Un répondant s'interroge :

"Est-ce que le DMP apporte réellement de nouveaux droits au patient ?"

En effet, un médecin affirme que le patient ne dévoile pas toutes ses informations médicales à tous ses médecins. Il masque déjà d'une certaine manière les données qu'il souhaite. Dans le cadre du DMP, le patient aura moins de contrôle du flux d'information entre les professionnels de santé, le droit au masquage tente donc de rétablir cette perte de contrôle.

6.2.2 Rendre plus supportable le DMP

Pour un intervenant, le droit au masquage est une manière détournée de faire adhérer les patients à ce dossier. Ce droit tente de rendre plus supportable la perte de liberté individuelle découlant du DMP.

6.2.3 Explication de l'exercice de ce droit

Différentes explications au sujet des raisons des patients à masquer une information médicale sont données lors des entretiens : l'impression d'être jugé, la honte d'être malade, la peur, l'ignorance et le fait de ne pas admettre sa maladie.

Ainsi le droit au masquage est identifié par une des personnes interrogées comme un mécanisme de réparation d'une souffrance.

6.2.4 Conditions d'exercice de ce droit

6.2.4.1 La confiance dans le professionnel de santé

Un patient interrogé déclare que son masquage dépendra du conseil de son médecin car il a une grande confiance en lui.

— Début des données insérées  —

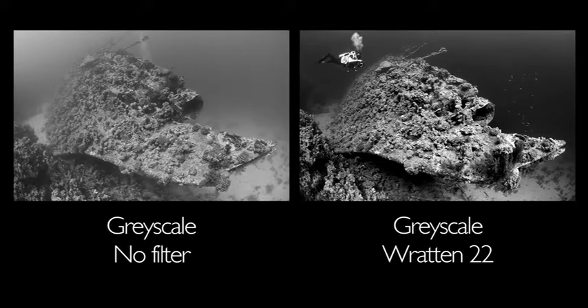This example shows two pictures of the same wreck — the Carnatic in the Red Sea — one taken without a filter and just converted to greyscale, and one taken with a Kodak Rattan 22, which is a strong orange contrast filter regularly used in black and white photography both above water and below. The orange filter blocks blue light, meaning the blue water around the wreck is rendered very, very dark once converted into black and white.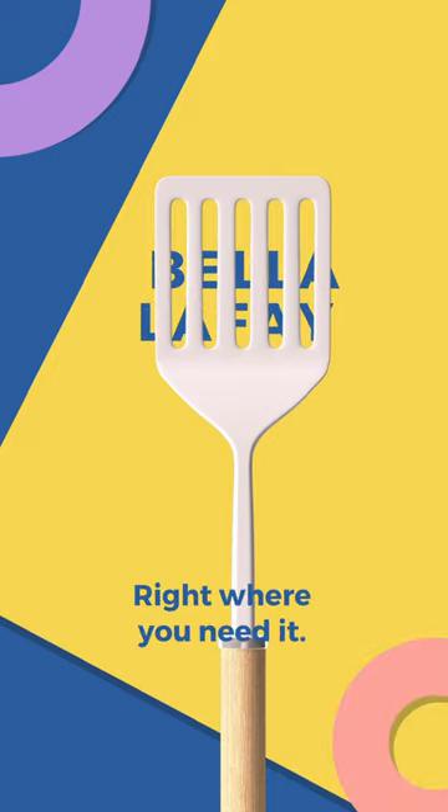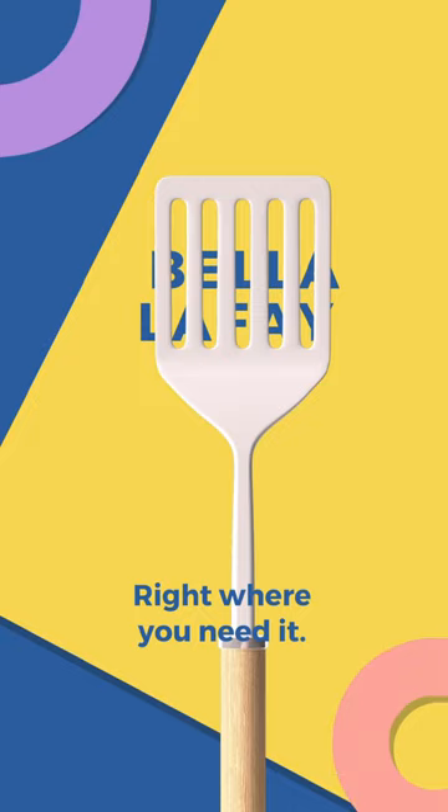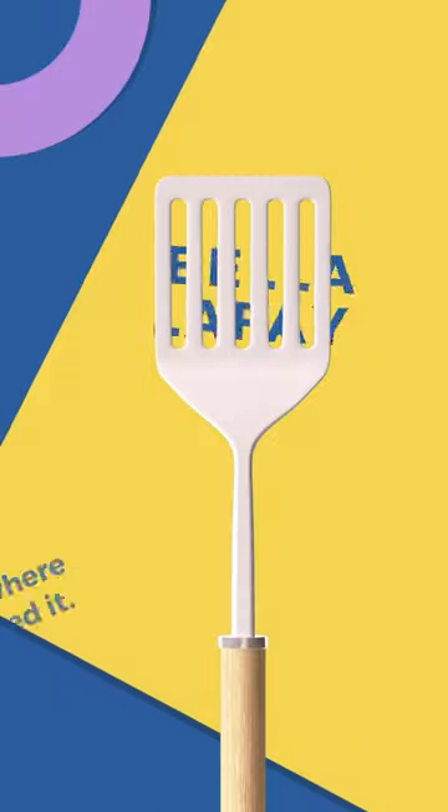It's used to flip burgers, eggs, pancakes, chicken breasts, and such things. It's also good for serving food. In addition to cooking and flipping, spatulas are used for different purposes, such as scraping, spreading, and more.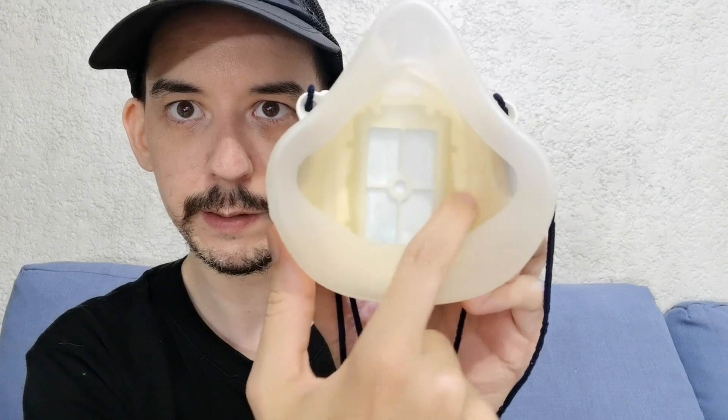Now this isn't sponsored — I bought both of these products myself. In fact, this Gill Mask I've had for over a year. You can see that it has turned a little bit yellow inside. I think that's because I exposed it to UVC light, but the silicone is still in good condition.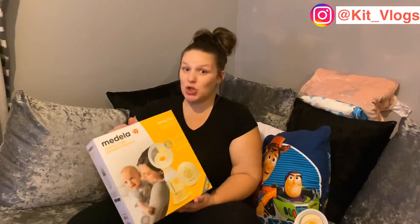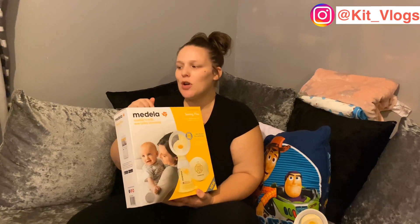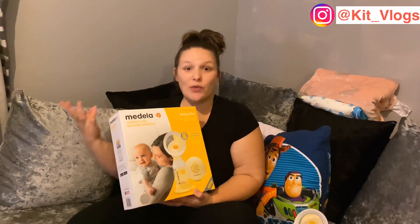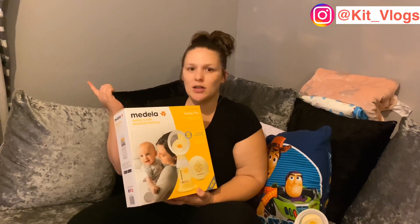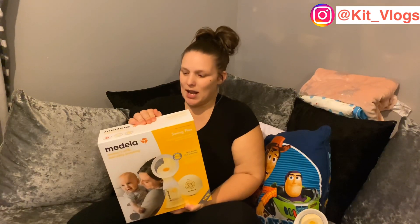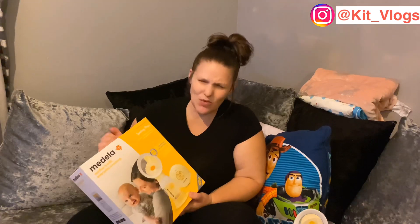You really do get loads of milk. I've got a picture on my phone from when I first started pumping — I think it was the third or fourth time — and bear in mind I was getting nothing from pumping previously. That time I think it was over 100ml. I'll insert the picture if I can find it. It's brilliant and comfortable to use, and I like the fact that I can use it on the go without needing the adapter.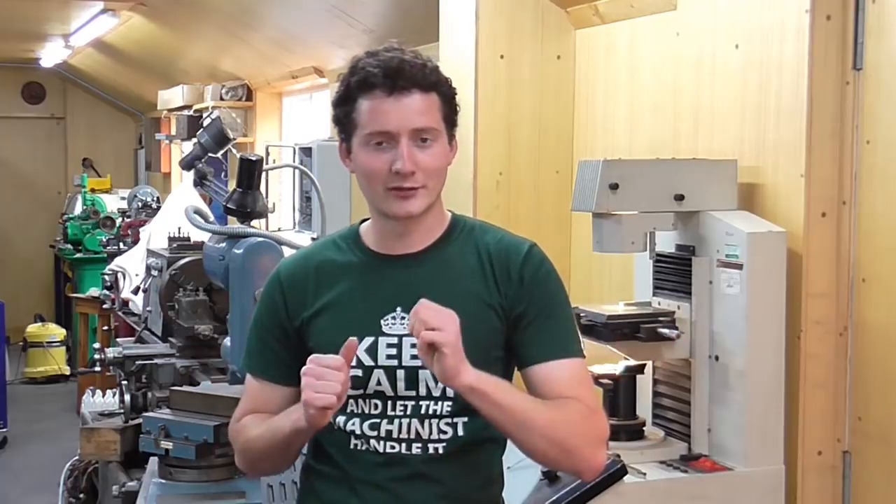Mr Crispin here once again and welcome to my workshop. Sorry to tease you if you were here for pistons and rods part two, but I've got to grind a round nose tool from scratch and I thought I'd do it on camera. The experienced machinists among us aren't going to learn much here, but for the upcoming turner this may be an interesting topic.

6.2.4.2 Inscription variable des données

Une magistrate considère que l'usage du droit au masquage dépendra principalement des données que le médecin devra rentrer dans le dossier.

Un intervenant propose que le professionnel de santé discute avec le patient toute donnée médicale qu'il souhaite intégrer dans le DMP. Cela éviterait une grande partie des masquages a posteriori.

6.2.4.3 Intervention en amont des pouvoirs publics

Certains répondants attendent du Ministère de la Santé qu'il définisse par décret d'application les informations pouvant être masquées et celle interdites au masquage.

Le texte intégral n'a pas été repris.